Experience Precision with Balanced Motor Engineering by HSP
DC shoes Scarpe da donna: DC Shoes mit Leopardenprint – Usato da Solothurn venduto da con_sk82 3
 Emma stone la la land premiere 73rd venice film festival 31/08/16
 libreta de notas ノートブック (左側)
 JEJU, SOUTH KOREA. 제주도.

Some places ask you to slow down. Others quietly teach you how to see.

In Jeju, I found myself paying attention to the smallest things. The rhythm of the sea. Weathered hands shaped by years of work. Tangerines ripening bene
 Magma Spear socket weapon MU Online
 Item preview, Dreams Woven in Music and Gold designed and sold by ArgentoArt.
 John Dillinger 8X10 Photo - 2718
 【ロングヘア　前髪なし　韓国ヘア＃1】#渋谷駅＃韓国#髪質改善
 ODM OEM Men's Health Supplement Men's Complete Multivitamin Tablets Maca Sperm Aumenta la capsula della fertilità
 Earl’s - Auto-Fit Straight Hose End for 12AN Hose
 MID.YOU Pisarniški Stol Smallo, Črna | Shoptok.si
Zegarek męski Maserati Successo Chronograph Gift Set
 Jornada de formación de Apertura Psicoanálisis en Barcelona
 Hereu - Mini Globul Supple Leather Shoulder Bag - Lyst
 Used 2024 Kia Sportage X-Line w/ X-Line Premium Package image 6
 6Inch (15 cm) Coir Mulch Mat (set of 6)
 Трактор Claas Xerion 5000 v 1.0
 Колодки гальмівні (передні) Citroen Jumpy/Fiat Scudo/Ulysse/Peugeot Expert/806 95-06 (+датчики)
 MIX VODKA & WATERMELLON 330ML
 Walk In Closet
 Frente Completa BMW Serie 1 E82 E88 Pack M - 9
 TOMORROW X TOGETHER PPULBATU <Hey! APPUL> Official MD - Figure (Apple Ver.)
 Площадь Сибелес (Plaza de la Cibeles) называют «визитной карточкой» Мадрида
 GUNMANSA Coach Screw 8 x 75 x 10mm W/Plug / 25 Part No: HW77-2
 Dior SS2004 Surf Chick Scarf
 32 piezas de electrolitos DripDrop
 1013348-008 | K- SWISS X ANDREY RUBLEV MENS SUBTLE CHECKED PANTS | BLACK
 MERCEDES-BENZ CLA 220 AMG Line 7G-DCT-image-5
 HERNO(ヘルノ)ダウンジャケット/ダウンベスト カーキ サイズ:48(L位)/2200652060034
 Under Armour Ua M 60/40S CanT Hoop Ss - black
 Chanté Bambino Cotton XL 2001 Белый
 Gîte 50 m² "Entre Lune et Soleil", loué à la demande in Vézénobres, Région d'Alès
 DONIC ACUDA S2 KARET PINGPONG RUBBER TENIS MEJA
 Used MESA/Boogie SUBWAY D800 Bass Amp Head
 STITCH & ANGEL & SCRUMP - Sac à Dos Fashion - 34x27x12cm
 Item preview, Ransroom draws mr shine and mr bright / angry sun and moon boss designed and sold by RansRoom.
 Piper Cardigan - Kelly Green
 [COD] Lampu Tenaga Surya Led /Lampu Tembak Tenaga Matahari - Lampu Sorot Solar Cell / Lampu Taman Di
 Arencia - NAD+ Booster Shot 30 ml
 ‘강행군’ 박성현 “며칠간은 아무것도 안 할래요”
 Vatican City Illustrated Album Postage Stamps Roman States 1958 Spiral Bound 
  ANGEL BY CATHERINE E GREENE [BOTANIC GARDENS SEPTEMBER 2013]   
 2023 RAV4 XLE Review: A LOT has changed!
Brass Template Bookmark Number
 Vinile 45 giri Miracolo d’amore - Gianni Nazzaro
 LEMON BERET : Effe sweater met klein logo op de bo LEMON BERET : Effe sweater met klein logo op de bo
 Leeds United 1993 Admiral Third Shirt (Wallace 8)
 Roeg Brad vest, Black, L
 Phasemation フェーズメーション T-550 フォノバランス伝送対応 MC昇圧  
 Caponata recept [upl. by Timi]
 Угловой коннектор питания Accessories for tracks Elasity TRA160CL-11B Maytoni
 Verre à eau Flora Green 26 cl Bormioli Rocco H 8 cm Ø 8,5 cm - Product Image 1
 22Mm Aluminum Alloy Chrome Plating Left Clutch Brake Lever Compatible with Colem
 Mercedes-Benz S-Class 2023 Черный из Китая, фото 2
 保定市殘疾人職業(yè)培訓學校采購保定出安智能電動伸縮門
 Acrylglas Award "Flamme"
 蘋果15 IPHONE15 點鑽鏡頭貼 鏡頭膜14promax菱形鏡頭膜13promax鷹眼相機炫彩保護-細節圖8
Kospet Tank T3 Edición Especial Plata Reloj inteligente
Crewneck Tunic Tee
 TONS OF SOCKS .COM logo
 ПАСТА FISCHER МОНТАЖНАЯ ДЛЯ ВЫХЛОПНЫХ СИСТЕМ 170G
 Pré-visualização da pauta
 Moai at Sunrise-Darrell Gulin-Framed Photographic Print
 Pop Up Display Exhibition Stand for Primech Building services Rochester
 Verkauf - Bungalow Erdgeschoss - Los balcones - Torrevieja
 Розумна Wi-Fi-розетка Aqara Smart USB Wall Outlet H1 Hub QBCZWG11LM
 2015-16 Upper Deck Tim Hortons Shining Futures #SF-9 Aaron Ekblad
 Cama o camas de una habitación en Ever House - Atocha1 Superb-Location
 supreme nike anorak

• • • • •

## How to complete this task
Only one part of the material above is to be transcribed, namely the lines starting with the line that has "DC shoes Scarpe" and going on through the line that has "MID.YOU Pisarniški Stol", exactly as they stand.

## Output below
DC shoes Scarpe da donna: DC Shoes mit Leopardenprint – Usato da Solothurn venduto da con_sk82 3
 Emma stone la la land premiere 73rd venice film festival 31/08/16
 libreta de notas ノートブック (左側)
 JEJU, SOUTH KOREA. 제주도.

Some places ask you to slow down. Others quietly teach you how to see.

In Jeju, I found myself paying attention to the smallest things. The rhythm of the sea. Weathered hands shaped by years of work. Tangerines ripening bene
 Magma Spear socket weapon MU Online
 Item preview, Dreams Woven in Music and Gold designed and sold by ArgentoArt.
 John Dillinger 8X10 Photo - 2718
 【ロングヘア　前髪なし　韓国ヘア＃1】#渋谷駅＃韓国#髪質改善
 ODM OEM Men's Health Supplement Men's Complete Multivitamin Tablets Maca Sperm Aumenta la capsula della fertilità
 Earl’s - Auto-Fit Straight Hose End for 12AN Hose
 MID.YOU Pisarniški Stol Smallo, Črna | Shoptok.si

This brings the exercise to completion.